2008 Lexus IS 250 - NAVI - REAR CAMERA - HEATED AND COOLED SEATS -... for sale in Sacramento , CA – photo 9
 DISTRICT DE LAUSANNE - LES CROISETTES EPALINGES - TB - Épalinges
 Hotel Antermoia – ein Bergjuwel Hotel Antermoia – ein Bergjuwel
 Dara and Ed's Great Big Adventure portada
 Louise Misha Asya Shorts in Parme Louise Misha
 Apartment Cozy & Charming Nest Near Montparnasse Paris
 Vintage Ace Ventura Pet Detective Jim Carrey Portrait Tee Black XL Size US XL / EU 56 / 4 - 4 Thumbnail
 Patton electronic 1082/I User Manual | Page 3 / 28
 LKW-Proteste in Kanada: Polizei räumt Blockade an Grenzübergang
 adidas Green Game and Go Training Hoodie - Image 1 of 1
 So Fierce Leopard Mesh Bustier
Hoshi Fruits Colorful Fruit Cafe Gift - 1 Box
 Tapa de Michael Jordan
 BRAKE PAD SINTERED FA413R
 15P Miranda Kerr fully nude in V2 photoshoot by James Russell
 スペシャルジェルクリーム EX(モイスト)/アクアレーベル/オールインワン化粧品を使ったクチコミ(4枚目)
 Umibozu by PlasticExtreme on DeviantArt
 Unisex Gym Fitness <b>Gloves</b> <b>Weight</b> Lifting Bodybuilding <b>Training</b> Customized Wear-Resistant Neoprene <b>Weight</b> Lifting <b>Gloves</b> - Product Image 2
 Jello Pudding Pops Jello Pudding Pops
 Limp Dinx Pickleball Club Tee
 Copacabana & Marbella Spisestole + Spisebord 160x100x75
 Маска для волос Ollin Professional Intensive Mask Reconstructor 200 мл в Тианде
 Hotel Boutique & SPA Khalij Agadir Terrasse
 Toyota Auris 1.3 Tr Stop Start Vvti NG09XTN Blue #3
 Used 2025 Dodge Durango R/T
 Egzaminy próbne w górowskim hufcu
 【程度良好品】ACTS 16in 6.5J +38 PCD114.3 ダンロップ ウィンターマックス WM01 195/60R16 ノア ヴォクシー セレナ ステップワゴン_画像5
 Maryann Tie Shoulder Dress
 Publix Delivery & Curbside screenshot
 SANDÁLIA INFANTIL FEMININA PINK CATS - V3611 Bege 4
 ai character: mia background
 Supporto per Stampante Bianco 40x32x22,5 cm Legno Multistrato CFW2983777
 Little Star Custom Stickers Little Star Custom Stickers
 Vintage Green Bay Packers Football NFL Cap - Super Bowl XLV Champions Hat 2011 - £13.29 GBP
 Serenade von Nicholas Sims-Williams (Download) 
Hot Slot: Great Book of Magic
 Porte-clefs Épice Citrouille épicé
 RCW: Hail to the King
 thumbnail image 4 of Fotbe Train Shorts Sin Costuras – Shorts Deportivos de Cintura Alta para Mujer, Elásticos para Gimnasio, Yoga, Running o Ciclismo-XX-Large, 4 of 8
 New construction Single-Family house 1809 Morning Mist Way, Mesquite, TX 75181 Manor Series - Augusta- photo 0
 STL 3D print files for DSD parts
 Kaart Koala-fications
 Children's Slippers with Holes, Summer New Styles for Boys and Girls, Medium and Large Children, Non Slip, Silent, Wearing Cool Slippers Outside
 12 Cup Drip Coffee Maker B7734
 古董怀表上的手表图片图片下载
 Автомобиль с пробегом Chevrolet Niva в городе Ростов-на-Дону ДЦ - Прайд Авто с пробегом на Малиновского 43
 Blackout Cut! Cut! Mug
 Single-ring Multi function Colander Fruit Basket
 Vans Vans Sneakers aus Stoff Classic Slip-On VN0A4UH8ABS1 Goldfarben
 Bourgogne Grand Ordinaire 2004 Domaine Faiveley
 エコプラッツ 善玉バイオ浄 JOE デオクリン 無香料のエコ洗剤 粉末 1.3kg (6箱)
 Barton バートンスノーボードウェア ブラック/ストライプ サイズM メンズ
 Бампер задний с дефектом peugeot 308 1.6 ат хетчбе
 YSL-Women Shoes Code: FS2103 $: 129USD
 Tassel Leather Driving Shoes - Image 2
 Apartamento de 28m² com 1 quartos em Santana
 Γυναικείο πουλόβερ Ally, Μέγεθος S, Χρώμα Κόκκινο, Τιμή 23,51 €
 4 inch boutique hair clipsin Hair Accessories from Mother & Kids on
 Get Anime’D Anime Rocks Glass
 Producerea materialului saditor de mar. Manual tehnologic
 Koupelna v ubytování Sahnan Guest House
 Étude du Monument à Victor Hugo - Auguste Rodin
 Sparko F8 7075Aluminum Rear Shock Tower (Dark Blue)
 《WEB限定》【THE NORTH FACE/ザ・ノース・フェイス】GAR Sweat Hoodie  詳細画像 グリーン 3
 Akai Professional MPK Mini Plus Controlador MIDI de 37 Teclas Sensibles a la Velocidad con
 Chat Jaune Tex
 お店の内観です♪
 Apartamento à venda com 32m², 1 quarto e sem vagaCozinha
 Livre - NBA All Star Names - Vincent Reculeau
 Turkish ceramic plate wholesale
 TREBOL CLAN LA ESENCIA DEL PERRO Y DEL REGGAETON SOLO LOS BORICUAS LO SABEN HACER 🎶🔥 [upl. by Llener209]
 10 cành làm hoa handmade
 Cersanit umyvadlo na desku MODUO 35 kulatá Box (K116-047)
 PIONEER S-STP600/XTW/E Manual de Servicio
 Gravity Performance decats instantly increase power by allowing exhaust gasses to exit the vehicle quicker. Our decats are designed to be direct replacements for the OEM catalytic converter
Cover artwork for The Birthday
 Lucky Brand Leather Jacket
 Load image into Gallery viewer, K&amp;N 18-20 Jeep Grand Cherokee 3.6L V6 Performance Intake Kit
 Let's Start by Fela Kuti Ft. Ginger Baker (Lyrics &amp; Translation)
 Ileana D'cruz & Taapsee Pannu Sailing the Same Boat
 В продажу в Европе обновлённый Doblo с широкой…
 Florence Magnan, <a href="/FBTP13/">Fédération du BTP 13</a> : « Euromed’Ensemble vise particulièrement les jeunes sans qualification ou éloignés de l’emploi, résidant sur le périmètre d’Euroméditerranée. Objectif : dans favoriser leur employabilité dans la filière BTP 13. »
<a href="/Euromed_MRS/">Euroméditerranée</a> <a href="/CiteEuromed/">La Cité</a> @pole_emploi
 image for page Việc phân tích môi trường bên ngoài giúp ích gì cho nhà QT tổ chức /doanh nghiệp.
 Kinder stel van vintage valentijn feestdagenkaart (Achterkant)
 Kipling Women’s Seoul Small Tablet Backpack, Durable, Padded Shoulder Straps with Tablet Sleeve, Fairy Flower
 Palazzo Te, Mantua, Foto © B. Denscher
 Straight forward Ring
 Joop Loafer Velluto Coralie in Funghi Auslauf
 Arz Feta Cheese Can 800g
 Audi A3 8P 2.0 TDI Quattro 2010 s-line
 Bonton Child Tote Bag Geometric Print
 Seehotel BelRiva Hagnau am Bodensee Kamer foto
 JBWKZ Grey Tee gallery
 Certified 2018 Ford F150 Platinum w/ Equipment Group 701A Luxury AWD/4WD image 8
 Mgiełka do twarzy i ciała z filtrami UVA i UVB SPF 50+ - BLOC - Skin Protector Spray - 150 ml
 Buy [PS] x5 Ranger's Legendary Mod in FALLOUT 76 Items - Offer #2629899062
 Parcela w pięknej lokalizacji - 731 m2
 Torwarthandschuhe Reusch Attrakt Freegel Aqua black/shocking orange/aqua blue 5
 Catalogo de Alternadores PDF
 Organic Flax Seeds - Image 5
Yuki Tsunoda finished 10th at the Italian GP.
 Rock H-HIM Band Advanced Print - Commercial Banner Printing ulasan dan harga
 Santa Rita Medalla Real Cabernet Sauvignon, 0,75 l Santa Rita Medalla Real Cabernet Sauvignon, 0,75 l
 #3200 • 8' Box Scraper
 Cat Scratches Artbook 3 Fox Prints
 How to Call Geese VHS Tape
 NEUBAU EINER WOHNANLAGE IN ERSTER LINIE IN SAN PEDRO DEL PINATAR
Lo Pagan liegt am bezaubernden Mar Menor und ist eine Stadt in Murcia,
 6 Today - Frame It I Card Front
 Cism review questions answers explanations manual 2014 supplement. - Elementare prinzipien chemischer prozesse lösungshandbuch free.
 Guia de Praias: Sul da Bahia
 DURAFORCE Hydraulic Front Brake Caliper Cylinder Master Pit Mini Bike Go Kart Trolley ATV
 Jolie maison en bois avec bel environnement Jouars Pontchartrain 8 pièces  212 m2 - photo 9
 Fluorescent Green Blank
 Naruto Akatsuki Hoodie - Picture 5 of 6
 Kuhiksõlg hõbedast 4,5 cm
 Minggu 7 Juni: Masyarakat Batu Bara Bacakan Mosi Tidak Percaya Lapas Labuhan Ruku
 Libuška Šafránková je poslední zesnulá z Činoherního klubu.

(EXERCISE REQUIREMENTS): Each line above that contains the word "Grand" must be copied.

(ANSWER TO THIS EXERCISE):
 Bourgogne Grand Ordinaire 2004 Domaine Faiveley
 Load image into Gallery viewer, K&amp;N 18-20 Jeep Grand Cherokee 3.6L V6 Performance Intake Kit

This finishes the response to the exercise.